The perfect pendant / earring for any lover of cards and card games. Below you can find a piece of the wikipedia entry on why the ace of spades is such a prominent, and usually the most ornately designed card in the deck.
This piece can be worn either as a pendant, or due to it's very light and intricate design also as an earring
The ornate design of the ace of spades, common in packs today, stems from the 17th century, when James I and later Queen Anne imposed laws requiring the Ace of Spades to bear an insignia of the printing house. Stamp duty, an idea imported to England by Charles I, was extended to playing cards in 1711 by Queen Anne and lasted until 1960.
Over the years a number of methods were used to show that duty had been paid. From 1712 onwards, one of the cards in the pack, usually the ace of spades, was marked with a hand stamp. In 1765 hand stamping was replaced by the printing of official ace of spades by the Stamp Office, incorporating the royal coat of arms. In 1828 the Duty Ace of Spades (known as "Old Frizzle") was printed to indicate a reduced duty of a shilling had been paid.
The system was changed again in 1862 when official threepenny duty wrappers were introduced and although the makers were free to use whatever design they wanted, most chose to keep the ornate ace of spades that is popular today.
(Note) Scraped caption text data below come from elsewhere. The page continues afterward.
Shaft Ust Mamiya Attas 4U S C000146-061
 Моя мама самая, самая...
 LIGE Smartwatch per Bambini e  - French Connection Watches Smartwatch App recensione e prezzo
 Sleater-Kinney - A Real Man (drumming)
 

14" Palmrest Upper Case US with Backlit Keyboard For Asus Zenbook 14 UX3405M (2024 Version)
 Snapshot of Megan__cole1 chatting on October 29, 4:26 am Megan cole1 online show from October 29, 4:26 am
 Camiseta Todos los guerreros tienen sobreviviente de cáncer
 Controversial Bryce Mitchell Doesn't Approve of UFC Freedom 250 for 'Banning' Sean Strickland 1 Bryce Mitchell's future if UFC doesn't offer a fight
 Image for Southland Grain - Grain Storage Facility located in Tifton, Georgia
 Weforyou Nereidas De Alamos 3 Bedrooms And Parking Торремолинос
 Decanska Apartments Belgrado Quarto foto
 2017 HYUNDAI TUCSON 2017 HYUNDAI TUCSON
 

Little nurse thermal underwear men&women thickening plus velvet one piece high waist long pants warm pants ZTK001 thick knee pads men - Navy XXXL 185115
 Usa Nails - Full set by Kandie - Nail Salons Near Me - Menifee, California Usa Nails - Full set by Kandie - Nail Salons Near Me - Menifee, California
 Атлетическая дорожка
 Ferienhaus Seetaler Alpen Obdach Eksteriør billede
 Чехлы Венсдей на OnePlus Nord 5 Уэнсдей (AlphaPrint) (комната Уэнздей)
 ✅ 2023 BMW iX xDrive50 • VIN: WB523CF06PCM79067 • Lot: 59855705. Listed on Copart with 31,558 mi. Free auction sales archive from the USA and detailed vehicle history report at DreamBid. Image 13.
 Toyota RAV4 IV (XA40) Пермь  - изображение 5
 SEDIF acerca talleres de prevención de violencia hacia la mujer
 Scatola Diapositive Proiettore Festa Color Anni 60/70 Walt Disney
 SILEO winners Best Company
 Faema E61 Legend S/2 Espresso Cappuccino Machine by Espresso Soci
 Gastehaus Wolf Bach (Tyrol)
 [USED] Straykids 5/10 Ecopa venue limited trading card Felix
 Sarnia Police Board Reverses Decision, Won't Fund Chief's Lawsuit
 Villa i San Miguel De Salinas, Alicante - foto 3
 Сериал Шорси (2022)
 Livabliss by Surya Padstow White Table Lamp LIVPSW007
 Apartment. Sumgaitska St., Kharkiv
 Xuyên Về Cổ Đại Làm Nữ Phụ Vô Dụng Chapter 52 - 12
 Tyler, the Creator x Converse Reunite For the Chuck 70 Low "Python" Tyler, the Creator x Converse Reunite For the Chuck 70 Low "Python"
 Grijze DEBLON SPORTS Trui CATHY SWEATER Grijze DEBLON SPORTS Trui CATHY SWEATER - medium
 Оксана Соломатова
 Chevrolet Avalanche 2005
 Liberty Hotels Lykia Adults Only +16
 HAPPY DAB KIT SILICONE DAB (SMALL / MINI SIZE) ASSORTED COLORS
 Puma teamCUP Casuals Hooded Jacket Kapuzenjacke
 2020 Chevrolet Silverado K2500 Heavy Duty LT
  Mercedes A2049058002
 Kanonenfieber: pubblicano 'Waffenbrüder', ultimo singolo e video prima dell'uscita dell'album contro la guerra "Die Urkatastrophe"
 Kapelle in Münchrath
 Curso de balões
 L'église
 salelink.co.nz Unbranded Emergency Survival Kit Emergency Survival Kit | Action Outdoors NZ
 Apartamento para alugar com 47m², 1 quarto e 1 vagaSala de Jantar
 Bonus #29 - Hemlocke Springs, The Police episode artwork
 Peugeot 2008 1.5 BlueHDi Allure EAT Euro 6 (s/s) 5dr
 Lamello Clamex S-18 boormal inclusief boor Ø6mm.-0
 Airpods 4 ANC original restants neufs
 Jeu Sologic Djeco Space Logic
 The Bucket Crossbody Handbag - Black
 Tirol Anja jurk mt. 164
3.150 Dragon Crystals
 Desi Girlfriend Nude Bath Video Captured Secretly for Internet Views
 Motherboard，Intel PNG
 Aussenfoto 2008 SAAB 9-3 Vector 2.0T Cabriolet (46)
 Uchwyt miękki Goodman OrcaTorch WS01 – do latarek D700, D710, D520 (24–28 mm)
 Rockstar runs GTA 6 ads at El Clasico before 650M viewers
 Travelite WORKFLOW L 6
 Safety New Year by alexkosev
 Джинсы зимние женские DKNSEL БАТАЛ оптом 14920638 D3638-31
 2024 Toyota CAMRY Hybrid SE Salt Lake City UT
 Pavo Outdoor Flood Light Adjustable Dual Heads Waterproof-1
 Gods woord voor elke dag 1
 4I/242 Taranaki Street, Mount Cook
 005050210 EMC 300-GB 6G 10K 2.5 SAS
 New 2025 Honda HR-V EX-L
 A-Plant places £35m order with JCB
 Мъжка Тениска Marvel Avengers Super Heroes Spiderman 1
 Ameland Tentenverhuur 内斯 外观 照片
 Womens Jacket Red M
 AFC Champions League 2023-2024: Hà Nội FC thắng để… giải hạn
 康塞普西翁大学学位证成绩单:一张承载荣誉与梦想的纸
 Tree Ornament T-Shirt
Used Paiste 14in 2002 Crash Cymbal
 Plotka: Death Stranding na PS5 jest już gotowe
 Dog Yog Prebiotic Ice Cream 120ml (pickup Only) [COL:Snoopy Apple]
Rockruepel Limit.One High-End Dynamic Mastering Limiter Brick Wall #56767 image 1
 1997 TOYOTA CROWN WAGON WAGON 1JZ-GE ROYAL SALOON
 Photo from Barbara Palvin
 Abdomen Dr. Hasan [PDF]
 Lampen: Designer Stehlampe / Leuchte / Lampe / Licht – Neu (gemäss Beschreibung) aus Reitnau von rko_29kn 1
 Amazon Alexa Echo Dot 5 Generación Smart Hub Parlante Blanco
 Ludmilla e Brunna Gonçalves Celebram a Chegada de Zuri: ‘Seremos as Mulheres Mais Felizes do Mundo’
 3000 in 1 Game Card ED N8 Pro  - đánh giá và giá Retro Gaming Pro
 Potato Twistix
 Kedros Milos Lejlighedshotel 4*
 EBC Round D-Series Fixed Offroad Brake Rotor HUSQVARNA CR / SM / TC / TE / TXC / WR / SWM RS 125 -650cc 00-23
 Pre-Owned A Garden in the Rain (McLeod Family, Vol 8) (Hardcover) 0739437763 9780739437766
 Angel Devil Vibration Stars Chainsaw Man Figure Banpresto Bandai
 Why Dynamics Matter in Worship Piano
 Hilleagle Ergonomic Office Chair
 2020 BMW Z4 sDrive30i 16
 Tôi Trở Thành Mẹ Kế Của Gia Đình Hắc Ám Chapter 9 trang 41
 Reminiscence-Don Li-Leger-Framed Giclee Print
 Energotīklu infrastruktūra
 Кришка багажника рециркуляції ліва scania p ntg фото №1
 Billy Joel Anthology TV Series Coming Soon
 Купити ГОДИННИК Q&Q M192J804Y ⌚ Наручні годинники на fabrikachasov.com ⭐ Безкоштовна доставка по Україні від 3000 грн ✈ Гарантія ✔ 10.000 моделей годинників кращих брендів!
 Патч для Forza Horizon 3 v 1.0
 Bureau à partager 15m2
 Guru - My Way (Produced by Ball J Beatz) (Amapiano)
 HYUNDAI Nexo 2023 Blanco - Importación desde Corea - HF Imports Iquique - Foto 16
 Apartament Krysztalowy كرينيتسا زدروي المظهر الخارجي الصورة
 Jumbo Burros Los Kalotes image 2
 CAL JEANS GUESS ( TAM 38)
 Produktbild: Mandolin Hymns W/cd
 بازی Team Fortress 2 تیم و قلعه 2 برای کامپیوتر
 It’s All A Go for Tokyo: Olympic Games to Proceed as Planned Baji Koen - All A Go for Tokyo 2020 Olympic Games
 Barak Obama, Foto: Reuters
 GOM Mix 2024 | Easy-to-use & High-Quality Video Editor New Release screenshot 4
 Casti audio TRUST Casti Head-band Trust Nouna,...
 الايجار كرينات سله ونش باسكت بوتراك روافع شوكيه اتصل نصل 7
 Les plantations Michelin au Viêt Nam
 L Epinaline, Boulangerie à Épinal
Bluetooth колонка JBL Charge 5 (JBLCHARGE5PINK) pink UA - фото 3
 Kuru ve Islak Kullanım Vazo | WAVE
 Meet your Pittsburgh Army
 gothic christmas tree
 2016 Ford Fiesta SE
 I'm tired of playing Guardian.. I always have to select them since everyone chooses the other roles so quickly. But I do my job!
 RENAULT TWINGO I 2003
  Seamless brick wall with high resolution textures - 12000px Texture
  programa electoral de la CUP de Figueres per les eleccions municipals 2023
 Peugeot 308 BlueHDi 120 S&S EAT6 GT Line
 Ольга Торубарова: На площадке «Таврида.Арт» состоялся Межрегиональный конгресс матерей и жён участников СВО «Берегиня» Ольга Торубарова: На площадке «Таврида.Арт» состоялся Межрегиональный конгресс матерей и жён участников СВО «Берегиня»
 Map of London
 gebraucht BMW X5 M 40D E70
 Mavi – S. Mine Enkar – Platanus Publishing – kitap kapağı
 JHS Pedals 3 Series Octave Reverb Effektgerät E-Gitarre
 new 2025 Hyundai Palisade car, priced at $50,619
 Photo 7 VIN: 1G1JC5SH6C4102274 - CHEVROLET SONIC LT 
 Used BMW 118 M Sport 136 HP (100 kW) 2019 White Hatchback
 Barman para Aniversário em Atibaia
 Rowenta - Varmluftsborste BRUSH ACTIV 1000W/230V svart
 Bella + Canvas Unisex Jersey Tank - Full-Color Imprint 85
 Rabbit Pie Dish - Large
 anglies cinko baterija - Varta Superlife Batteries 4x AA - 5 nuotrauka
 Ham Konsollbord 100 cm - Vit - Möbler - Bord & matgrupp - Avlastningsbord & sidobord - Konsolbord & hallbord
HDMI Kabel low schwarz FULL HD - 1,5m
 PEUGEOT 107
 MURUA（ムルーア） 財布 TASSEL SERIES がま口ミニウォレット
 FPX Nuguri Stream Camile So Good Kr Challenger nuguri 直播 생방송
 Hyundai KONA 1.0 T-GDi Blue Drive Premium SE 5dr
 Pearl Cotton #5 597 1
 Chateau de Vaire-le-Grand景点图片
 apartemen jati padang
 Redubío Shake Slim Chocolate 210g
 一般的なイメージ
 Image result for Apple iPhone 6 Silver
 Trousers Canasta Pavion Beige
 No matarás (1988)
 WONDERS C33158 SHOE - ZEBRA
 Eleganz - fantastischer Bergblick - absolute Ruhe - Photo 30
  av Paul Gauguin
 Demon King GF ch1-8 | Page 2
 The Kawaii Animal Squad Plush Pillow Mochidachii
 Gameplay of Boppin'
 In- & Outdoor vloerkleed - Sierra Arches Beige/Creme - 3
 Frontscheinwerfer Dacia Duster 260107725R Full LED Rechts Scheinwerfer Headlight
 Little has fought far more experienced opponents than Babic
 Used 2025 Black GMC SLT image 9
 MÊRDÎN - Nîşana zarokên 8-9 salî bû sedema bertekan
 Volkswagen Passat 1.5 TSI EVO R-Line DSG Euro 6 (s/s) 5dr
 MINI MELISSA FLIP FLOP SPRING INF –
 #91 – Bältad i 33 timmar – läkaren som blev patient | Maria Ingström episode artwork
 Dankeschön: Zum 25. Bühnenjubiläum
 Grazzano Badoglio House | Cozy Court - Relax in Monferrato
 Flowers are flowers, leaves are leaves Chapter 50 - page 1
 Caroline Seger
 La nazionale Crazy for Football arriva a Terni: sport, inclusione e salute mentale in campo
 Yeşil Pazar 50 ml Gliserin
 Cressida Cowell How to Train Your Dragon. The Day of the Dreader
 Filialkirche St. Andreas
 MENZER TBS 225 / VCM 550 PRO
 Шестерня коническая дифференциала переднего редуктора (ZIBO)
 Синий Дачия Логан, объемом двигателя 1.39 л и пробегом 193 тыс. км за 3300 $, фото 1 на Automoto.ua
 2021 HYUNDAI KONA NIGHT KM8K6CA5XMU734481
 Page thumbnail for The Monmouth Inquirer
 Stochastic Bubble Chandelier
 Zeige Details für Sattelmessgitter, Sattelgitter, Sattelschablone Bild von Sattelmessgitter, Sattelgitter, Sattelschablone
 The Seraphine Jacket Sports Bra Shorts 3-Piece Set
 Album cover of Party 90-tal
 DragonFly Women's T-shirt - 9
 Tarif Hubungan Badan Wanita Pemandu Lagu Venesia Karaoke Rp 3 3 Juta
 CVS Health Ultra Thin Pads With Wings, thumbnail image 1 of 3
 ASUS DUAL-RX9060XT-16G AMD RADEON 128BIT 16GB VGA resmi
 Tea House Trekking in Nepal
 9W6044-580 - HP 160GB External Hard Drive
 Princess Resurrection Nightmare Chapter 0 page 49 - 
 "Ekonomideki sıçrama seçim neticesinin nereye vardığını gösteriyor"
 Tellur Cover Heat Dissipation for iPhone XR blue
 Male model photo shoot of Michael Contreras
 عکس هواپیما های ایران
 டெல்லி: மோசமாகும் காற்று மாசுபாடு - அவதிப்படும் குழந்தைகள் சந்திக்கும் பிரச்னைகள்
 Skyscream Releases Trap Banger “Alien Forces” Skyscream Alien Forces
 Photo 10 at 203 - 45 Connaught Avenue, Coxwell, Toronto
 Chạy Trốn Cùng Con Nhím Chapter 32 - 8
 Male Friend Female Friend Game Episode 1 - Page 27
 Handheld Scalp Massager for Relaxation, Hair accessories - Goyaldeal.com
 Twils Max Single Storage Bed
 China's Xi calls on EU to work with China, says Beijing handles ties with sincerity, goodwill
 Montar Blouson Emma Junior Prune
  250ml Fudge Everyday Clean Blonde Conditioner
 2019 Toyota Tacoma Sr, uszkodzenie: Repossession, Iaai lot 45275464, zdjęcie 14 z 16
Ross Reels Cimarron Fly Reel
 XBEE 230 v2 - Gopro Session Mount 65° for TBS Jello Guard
The ace of spades is thus used to show the card manufacturer's information.
The exact design of the ace card was so important, it eventually became the subject of design patents and trademarking. For example, on December 5, 1882, George G. White was granted US design patent US0D0013473 for his 'Ace of Spades' playing card design. His ace design was adorned with male and female figures leaning onto the spade from either side.